Tablo 4.15. 2: Regresyon Analizi Değişken Katsayıları (N=732)

Model 1 B Std. Hata Beta t p

Sabit 35.86 2.04 17.617 .000

Sürdürümcü liderlik 1.31 .10 .423 12.596 .000

a Bağımlı Değişken: Örgütsel sinizm toplam puanı

Tablo 4.15.2’de görüldüğü üzere, örgütsel sinizm toplam puanları Sürdürümcü liderlik puanlarından .423 (% 42.3) düzeyinde pozitif yönde etkilenmektedir.

BEŞİNCİ BÖLÜM

SONUÇ, TARTIŞMA VE ÖNERİLER

Okul müdürlerinin öğretmenler tarafından algılanan liderlik stilleri ile örgütsel sinizm arasındaki ilişkinin incelenmesi amacıyla yapılan araştırmada, çalışma grubu olarak Tekirdağ ili ve ilçelerinde farklı türlerdeki resmi okullarda görev yapan kadrolu öğretmenler seçilmiştir. Bu amaç doğrultusunda okul müdürlerinin liderlik stilleri öğretmen algılarına göre cinsiyete, yaşlara, mesleki kıdemlere, okul türlerine ve öğretmenlerin branşlarına göre gruplar arasında anlamlı farklılığın olup olmadığı incelenmiştir. Ayrıca öğretmenlerin örgütsel sinizm düzeylerinin cinsiyete, yaşlara, mesleki kıdemlere, okul türlerine ve öğretmenlerin branşlarına göre gruplar arasında anlamlı farklılığın olup olmadığı incelenmiştir. Çalışmanın sonunda ise okul müdürlerinin liderlik stilleri ile örgütsel sinizm arasında anlamlı bir ilişki olup olmadığına bakılarak, okul müdürlerinin liderlik stillerinin örgütsel sinizmi yordayıp yordamadığı incelenmiştir.
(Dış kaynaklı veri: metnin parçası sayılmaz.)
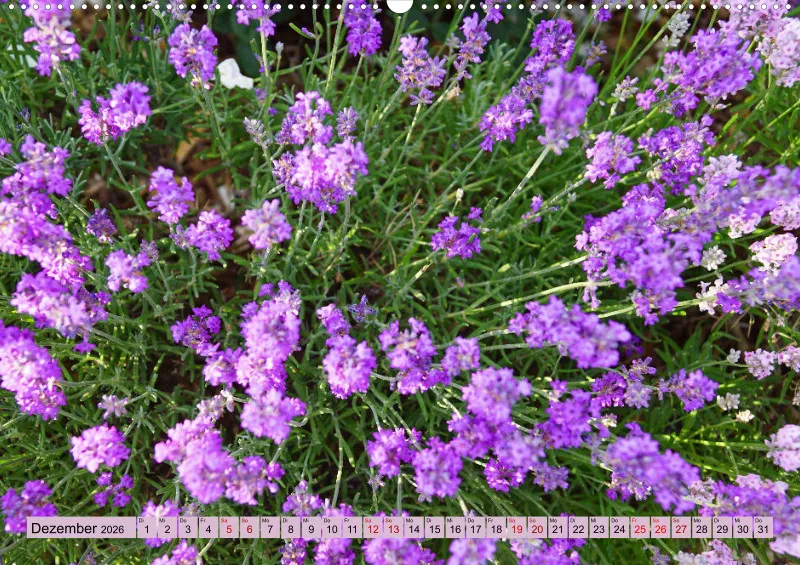 2026 A2 Farbzauber Lavendel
5.1. Alt Problemlere İlişkin Sonuç ve Tartışma

Bu kısımda okul müdürleri liderlik stilleri ölçeği puanları ile örgütsel sinizm ölçeği puanlarının cinsiyet, yaş, mesleki kıdem, okul türü ve branşa göre gruplar arasında anlamlı farklılık olup olmadığına yönelik sonuç ve tartışmalar yer almaktadır.
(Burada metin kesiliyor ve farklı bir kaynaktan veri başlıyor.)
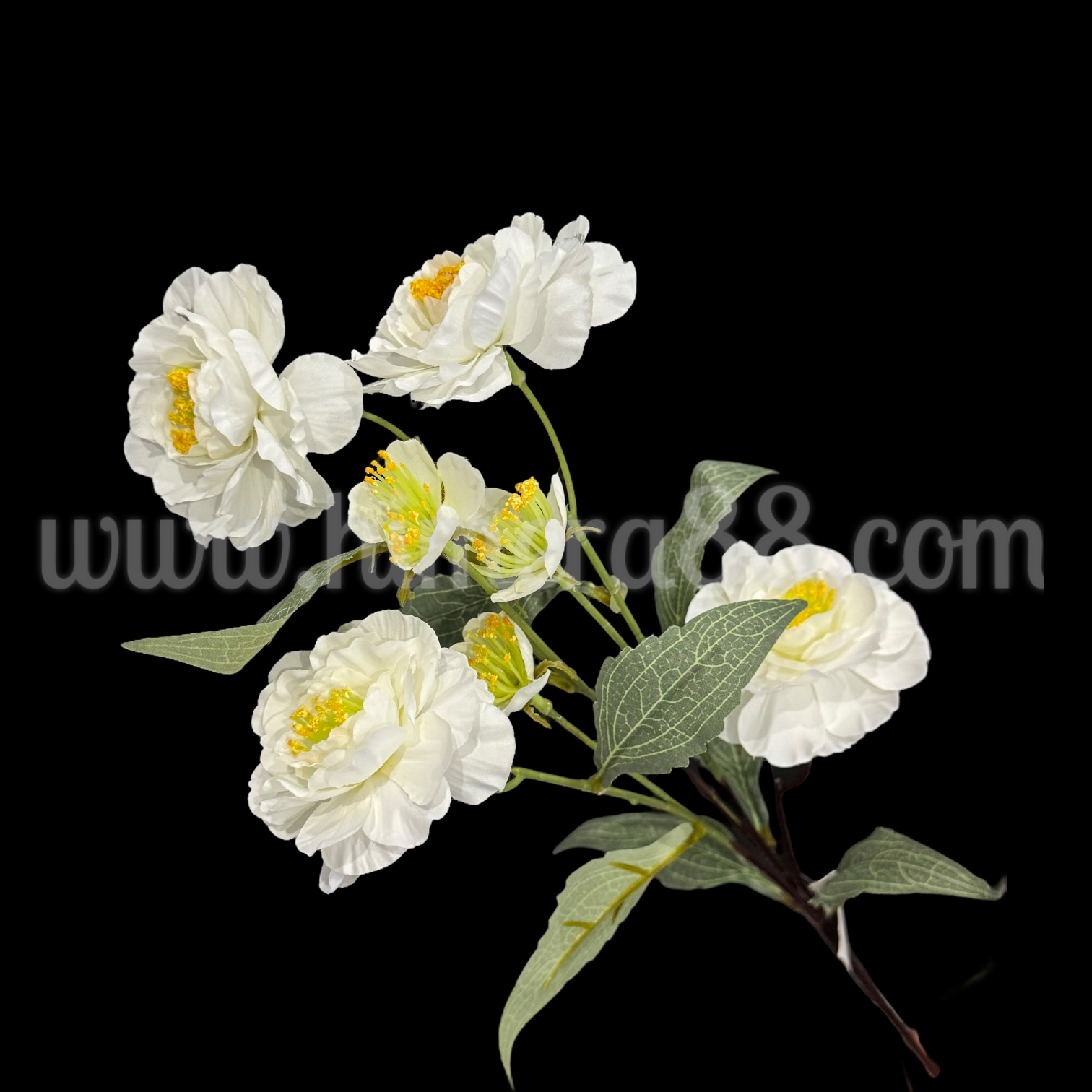 Стрък Китайски Божур White - изглед 1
5.1.1. Okul Müdürleri Liderlik Stilleri Ölçeği Puanları ile İlgili Sonuçlar ve Tartışma

OMLSÖ’ye verilen cevaplar sonucunda öğretmenlerin okul müdürlerini “yüksek’’ düzeyde dönüşümcü lider olarak algıladıkları görülmüştür. Öğretmenler tarafından okul müdürlerinin sürdürümcü liderlik stili “orta’’ düzeyde; serbest bırakıcı liderlik düzeyi ise “düşük’’ düzeyde algılanmaktadır. Bunun sebebi olarak son yıllarda dünyada yaşanan hızlı değişimlerle birlikte okullarında yeni değişimlere ayak uydurabilmesi için okul müdürlerinin yoğun çaba gösterdikleri ve bu çabaların öğretmenler tarafından doğru algılandığı gösterilebilir. Bu sonuç Şahin (2003), Özyiğit (2012), Cansüngü (2016), Bardakçı (2017), Vural (2016), Abu Tineh,

Khasawneh ve Omary (2009) tarafından yapılan araştırma sonuçları ile örtüşmektedir.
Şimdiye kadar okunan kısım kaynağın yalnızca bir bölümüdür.